One of the priorities in Lapland UAS strategy is the Arctic cooperation and cross-border expertise. In the strategy, it is states that it works together with its neighbours and searches for partners globally. Glocalisation, lowering the barriers of borders, access for the SME sector to the major projects of the Barents Region, the shared challenges of the northern regions, such as the exodus of young people and cross-border co-operation in public services are examples of cross-border expertise, which is in constant need of development in Lapland and the Barents region
I have been involved in several Barents projects together with SME’s and students. In January 2018 we will start a new project with Norwegian and Russian universities. According to the feedback from students in the previous projects, practical learning methods in projects bring the studies closer to the real-life business. In addition, they develop creativity, innovativeness and team working and diversity management skills. The students have also stated that their language skills have developed well and the pros and cons of entrepreneurship have become familiar. Many students said that the best thing were the many new friends, the networking.
Also from pedagogical perspective, the educational cross-border projects are a good example. In transnational teams students study real-life business in Barents region in an open learning environment developing competences need in the future business life.
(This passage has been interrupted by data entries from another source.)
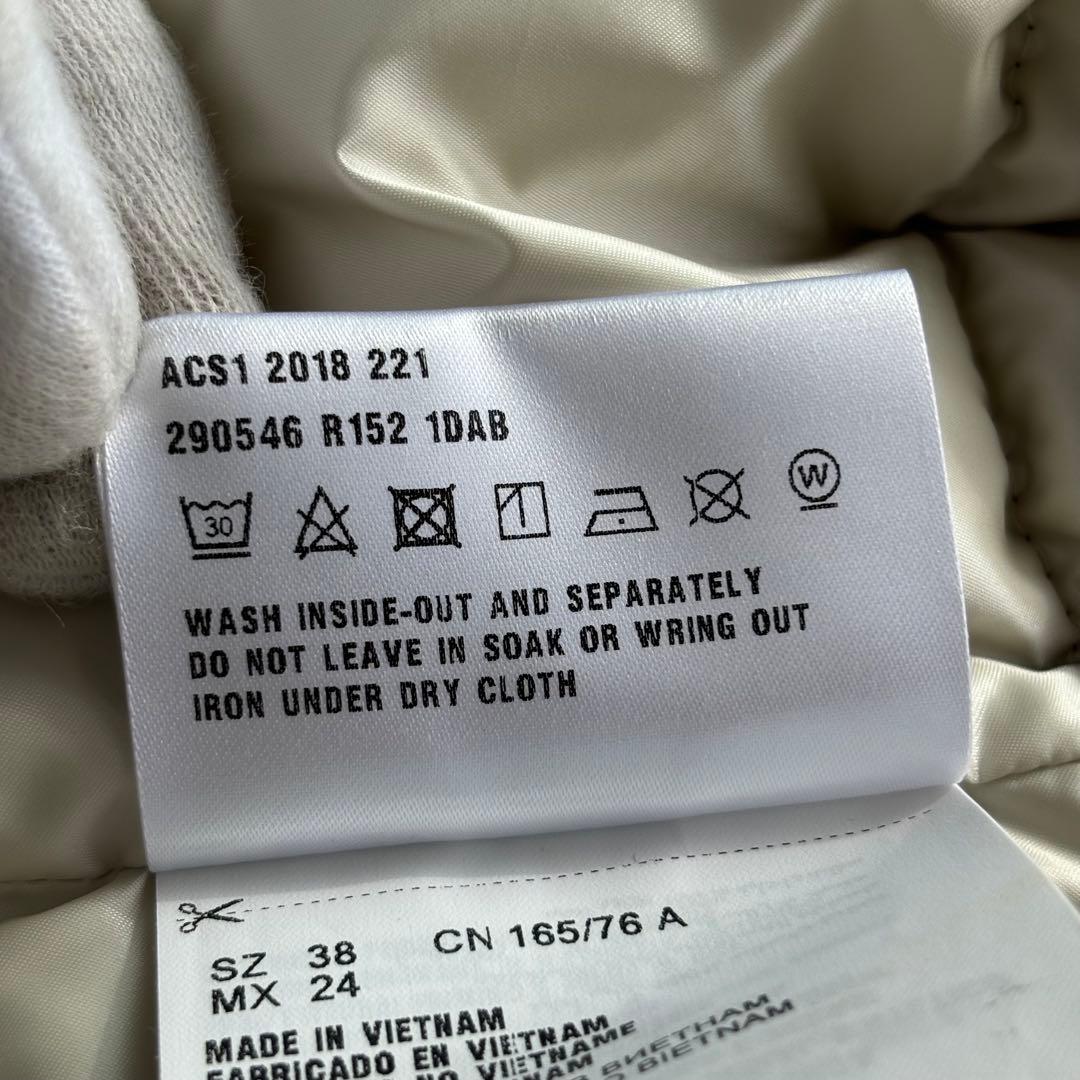 【極美品】近年モデル プラダ ダウンベスト 38 ネイビー 三角ロゴプレート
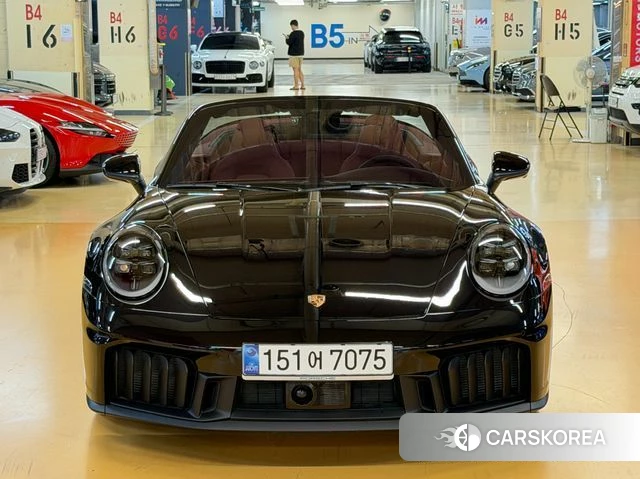 Porsche 911(992) id 4634872 из Кореи 13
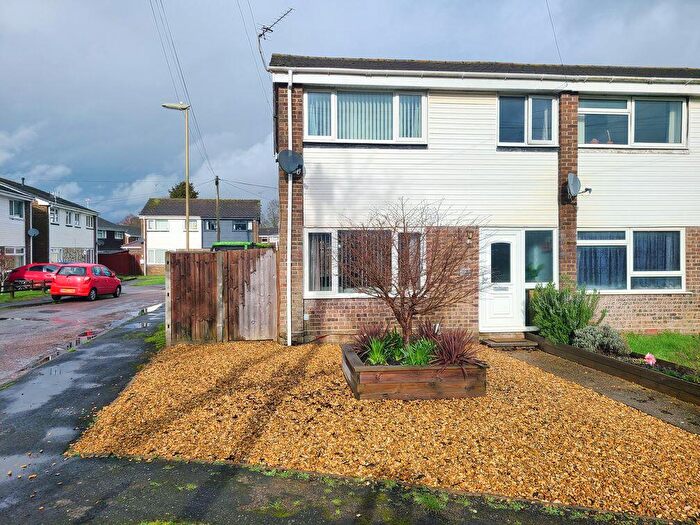 3 Bedroom End Of Terrace House For Sale In Beechdale Walk, Calmore, SO40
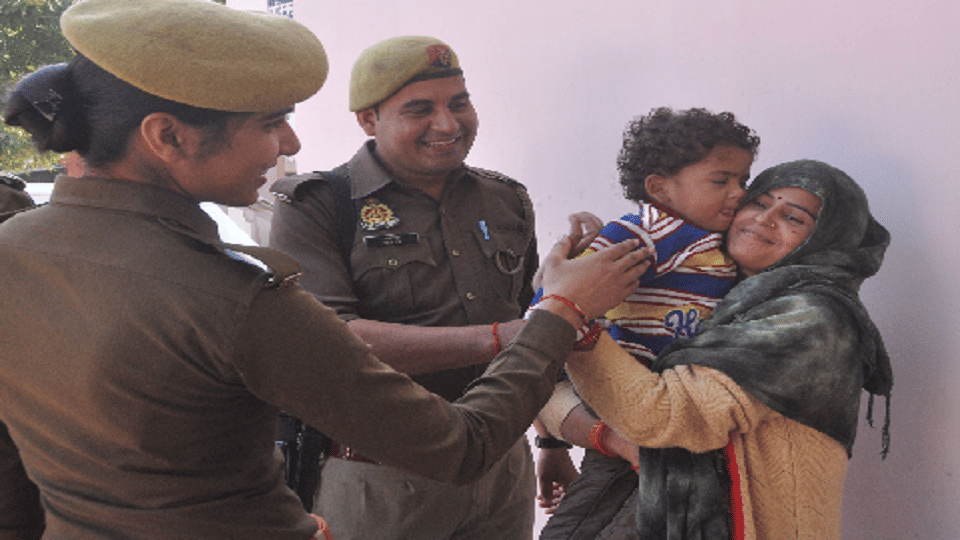 Agra child kidnapping Happiness returned to the family with Mayank's arrival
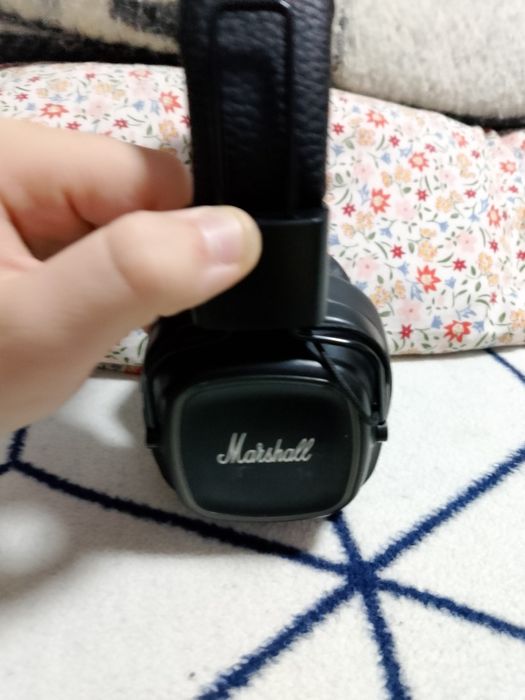 Słuchawki Marshall używane czarne nieoryginalne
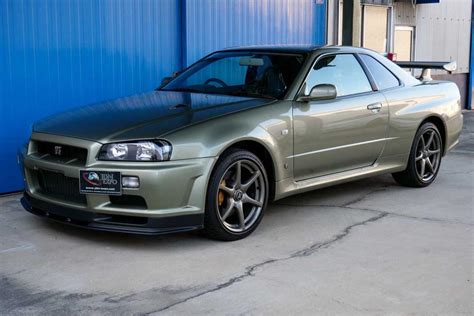 nissan skyline gt r r34 v spec ii nür 求售，车况近乎全新！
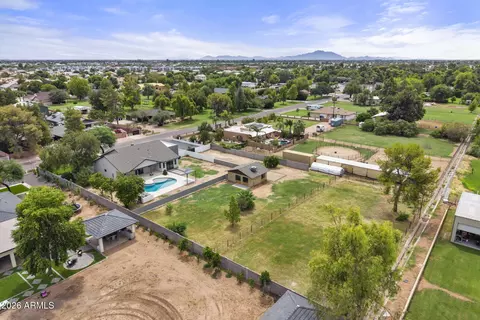 View/Area - 848 S 131st St, Gilbert, AZ 85233 photo 21 of 22
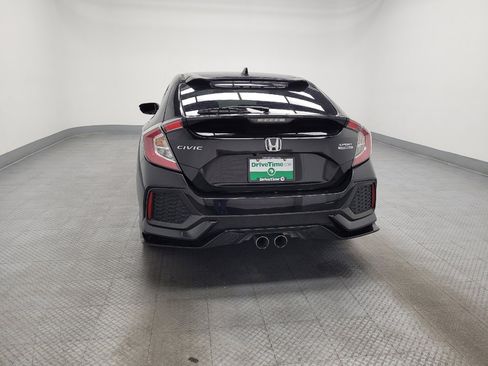 Used 2018 Honda Civic Sport Touring image 6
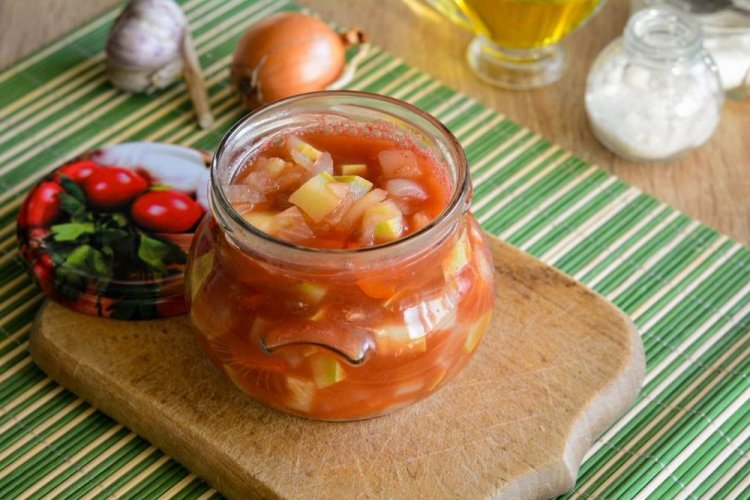 Кабачки с луком в остром томатном соусе
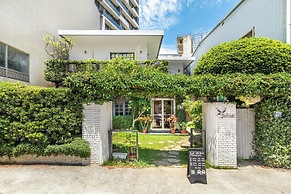 IsShoNi House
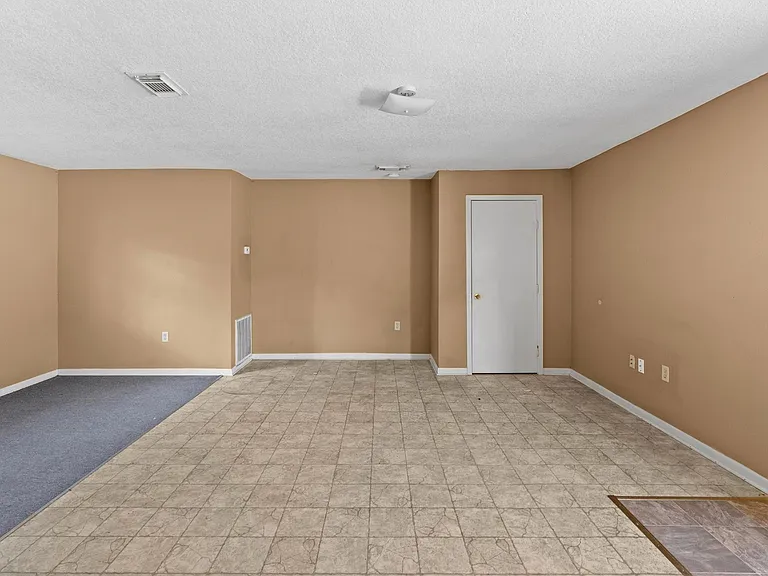 2200 Peach Ave #3 — Photo 4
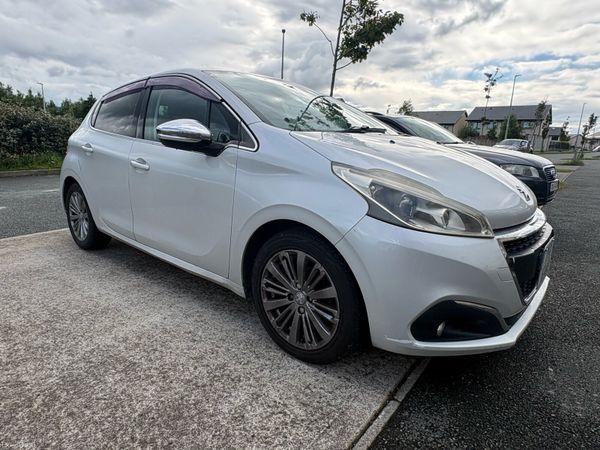 Peugeot 208 Hatchback, Petrol, 2017, White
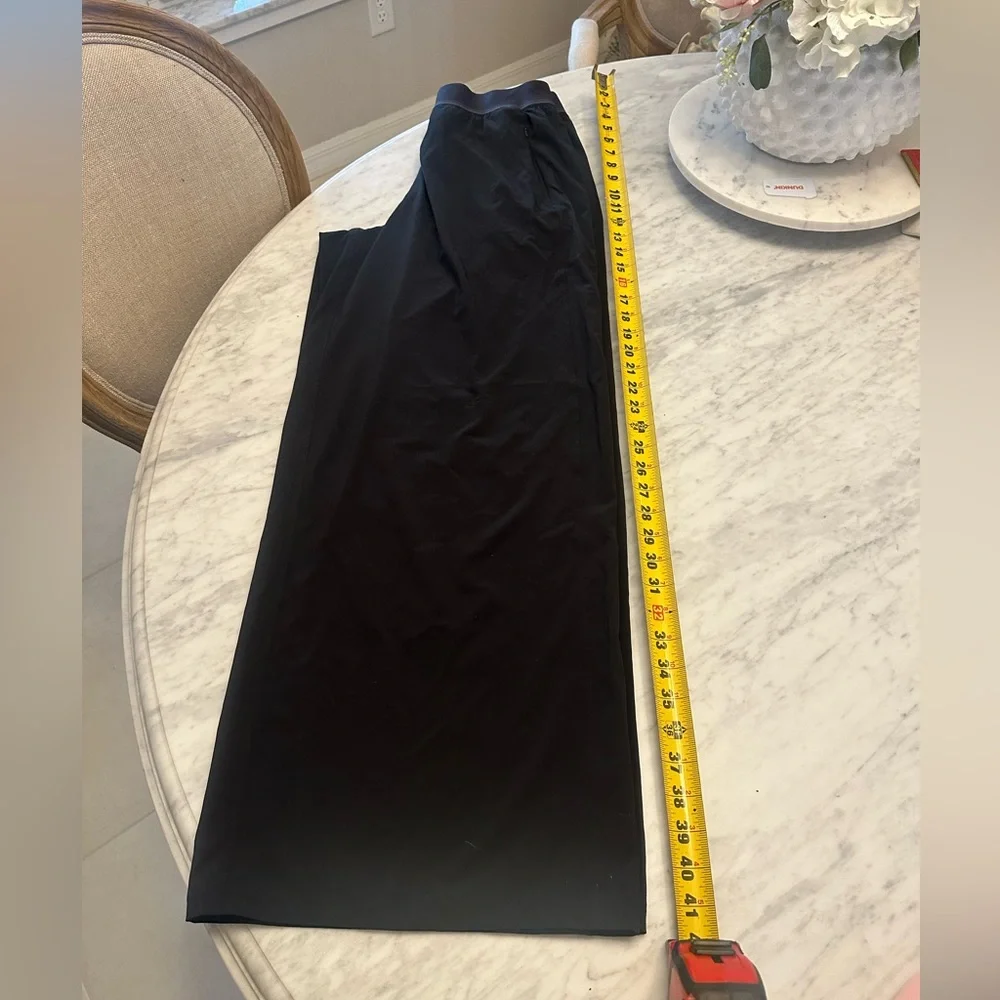 🍋lululemon Swift High-Rise Wide-Leg Pant Logo Waistband 10 Like New! - Picture 5 of 9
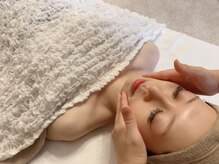エレナ 伊勢崎(Ele'na)の雰囲気（《小顔リフトフェイシャル》ハンドマッサージでたるみ、シワに）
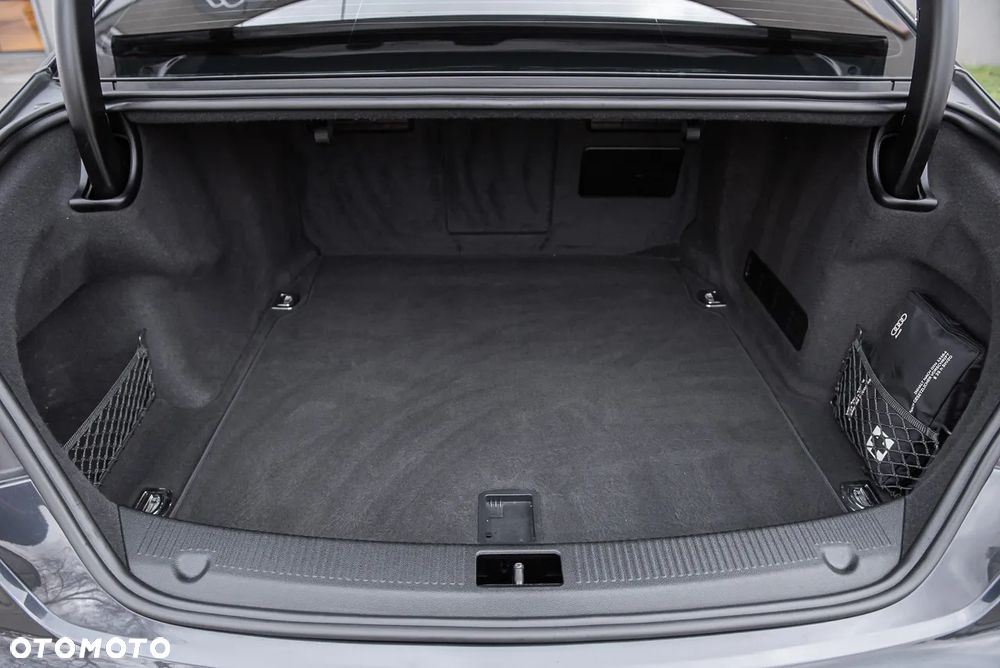 Audi A8 3.0 TDI DPF clean quattro tiptronic - 36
Teachers involved have been very active in planning and implementing the new pedagogical model and will after the project plan new collaboration ideas such as joint curricula and joint research.
Internationalization is one of the focus areas in all participating universities in development of the competences of students but also companies. Educational projects, student exchange and internship abroad enhance competences mentioned above and give the students courage to find later a job in the international markets.
Future is in the North
In the near future, it will be more realistic to plan Arctic business because the environmental issues and climate change are taken nowadays much more seriously that earlier. The prospects of Arctic visions do not mean that business opportunities would have weakened. Actually, in the long run they are huge, especially from the Finnish perspective. The investments of Norway and Russia are part of a long-term policy. The sustainable use of natural resources is just about to start.
In Lapland UAS strategy, Arctic cross-border operation is high on the priority list. Much has been done but it is important that in the near future more focus will be placed on the capacity building of management, staff and students to be able to reach the vision to be pioneers in arctic expertise and an internationally recognized educator, developer and partner.
In addition to the horizontal cooperation, it is important that the institutes of higher education as a network take the role as a link to the Central Europe, US and Asian countries. In these networks, the universities could train people in businesses and universities to learn more about the opportunities and business environment of the High North including the sustainable development. This kind of Gateway role could be a good way to the export of training; just as we already did 25 years ago.
Aaltonen M & Loescher M. 2013. Arctic Storm, changes in global logistics and the emergence of Finland on the world scene. Aalto University.
Arctic Council. 2017. https://www.arctic-council.org/index.php/en/about-us/arctic-council/fin-chairmanship. Accessed on 14 September 2017.
Ministry of Foreign Affairs of Finland. 2013. Finland’s Strategy for the Arctic Region 2013. Government resolution on 23 August 2013.
Selvitys: Koillisväylän tietoliikennekaapelilla kansainvälistä kannatusta. https://yle.fi/uutiset/3-9315612. Accessed 13 September 2017.
Smith L.C. 2011.The World in 2050: Four Forces Shaping Civilization’s Northern Future. Profile books.